Interval Intersection in O(1) Time Complexity using Java

Given two closed intervals [A1, B1] and [A2, B2], check and return if the two intervals intersect each other.

A closed interval [a, b] (with a <= b) denotes the set of real numbers x with a <= x <= b.

Two closed intervals are said to intersect if they have common numbers, i.e. that appear in both intervals.

Understanding the Problem

The core challenge of this problem is to determine if two intervals overlap. This is a common problem in scheduling, computational geometry, and various other fields. The key is to identify the conditions under which two intervals do not overlap, as this simplifies the logic.

Example

Consider the intervals [1, 6] and [3, 8]. These intervals intersect because they share common numbers (3, 4, 5, and 6).

Approach

To solve this problem, we need to determine when two intervals do not intersect. Two intervals do not intersect if one is completely to the left of the other. This can be expressed with the conditions:

B1 < A2: Interval 1 ends before Interval 2 starts.
B2 < A1: Interval 2 ends before Interval 1 starts.

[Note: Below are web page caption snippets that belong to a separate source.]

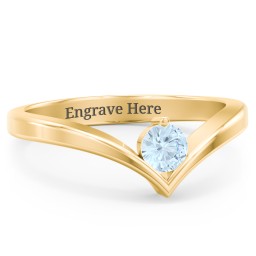 Round Birthstone V-Shape Ring in 18K Gold Plated Silver with Aquamarine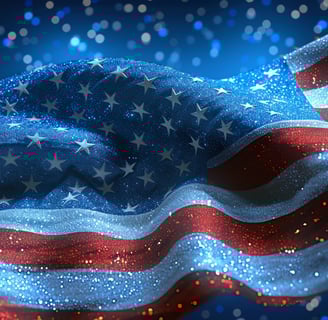 a flag with stars and a flag on it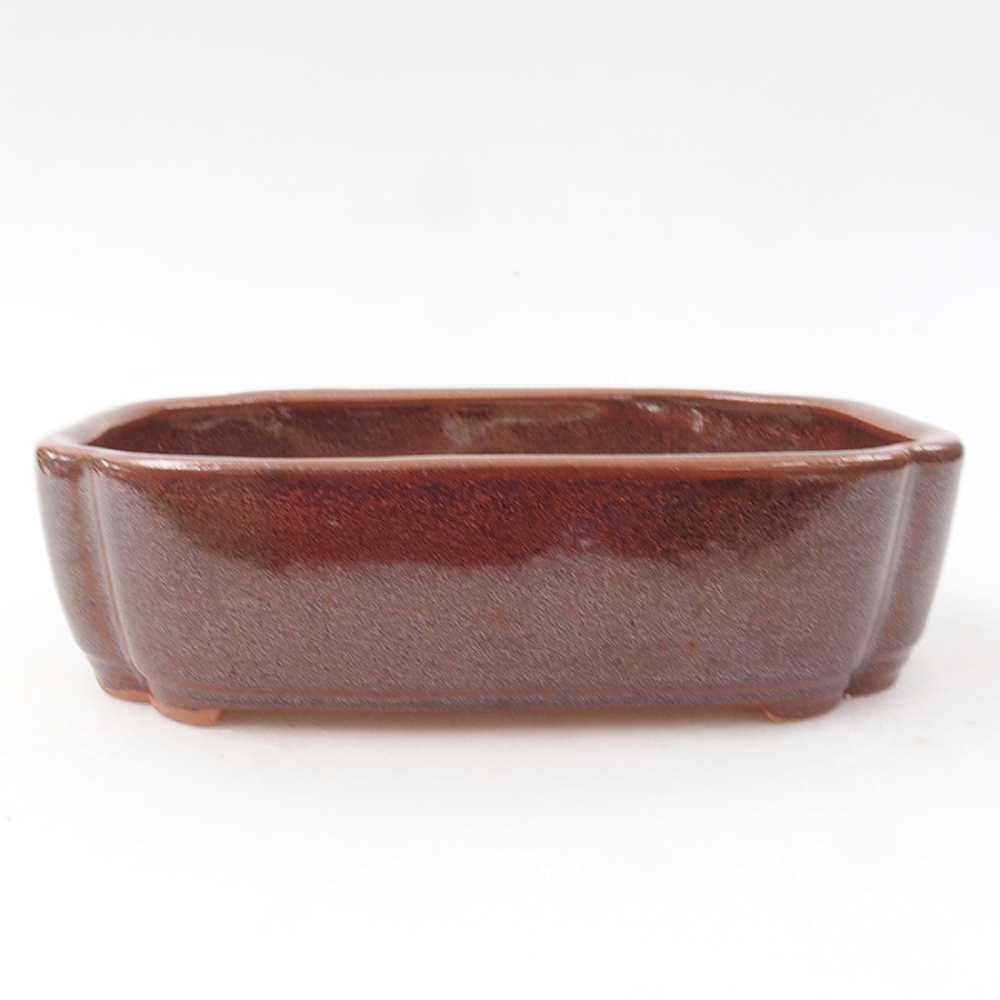 Bol à bonsaï en céramique 15 x 11,5 x 4,5 cm, brun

If neither of these conditions is true, the intervals must intersect.

Naive Solution

A naive solution might involve checking all possible points within the intervals, but this is inefficient and unnecessary. Instead, we can use the conditions above to determine the result in constant time.

Optimized Solution

The optimized solution involves a simple conditional check:

If B1 < A2 or B2 < A1, return false.
Otherwise, return true.

Algorithm

Here is a step-by-step breakdown of the algorithm:

Check if B1 < A2. If true, return false.
Check if B2 < A1. If true, return false.
If neither condition is true, return true.

Code Implementation

public class IntervalIntersection {
    // Method to check if two intervals intersect
    public static boolean doIntervalsIntersect(int A1, int B1, int A2, int B2) {
        // Check if one interval is completely to the left of the other
        if (B1 < A2 || B2 < A1) {
            return false; // No intersection
        }
        return true; // Intervals intersect
    }

    public static void main(String[] args) {
        // Test cases
        System.out.println(doIntervalsIntersect(1, 6, 3, 8)); // true
        System.out.println(doIntervalsIntersect(1, 4, 4, 6)); // true
        System.out.println(doIntervalsIntersect(1, 8, 4, 6)); // true
        System.out.println(doIntervalsIntersect(4, 6, 1, 3)); // false
    }
}

Complexity Analysis

The time complexity of this solution is O(1) because it involves a constant number of operations regardless of the input size. The space complexity is also O(1) as no additional space is used beyond a few variables.

Edge Cases

Consider the following edge cases:

Intervals that touch at a single point, e.g., [1, 4] and [4, 6]. These should intersect.
Intervals that are completely disjoint, e.g., [1, 2] and [3, 4]. These should not intersect.

Testing

To test the solution comprehensively, consider a variety of test cases:

Intervals that overlap partially.
Intervals that overlap completely.
Intervals that do not overlap at all.
Intervals that touch at a single point.

Thinking and Problem-Solving Tips

When approaching interval problems, it is often helpful to visualize the intervals on a number line. This can make it easier to see the relationships between the intervals and identify the conditions for intersection or non-intersection.

Conclusion

Understanding interval intersection is a fundamental problem with applications in many fields. By focusing on the conditions for non-intersection, we can develop an efficient solution that runs in constant time.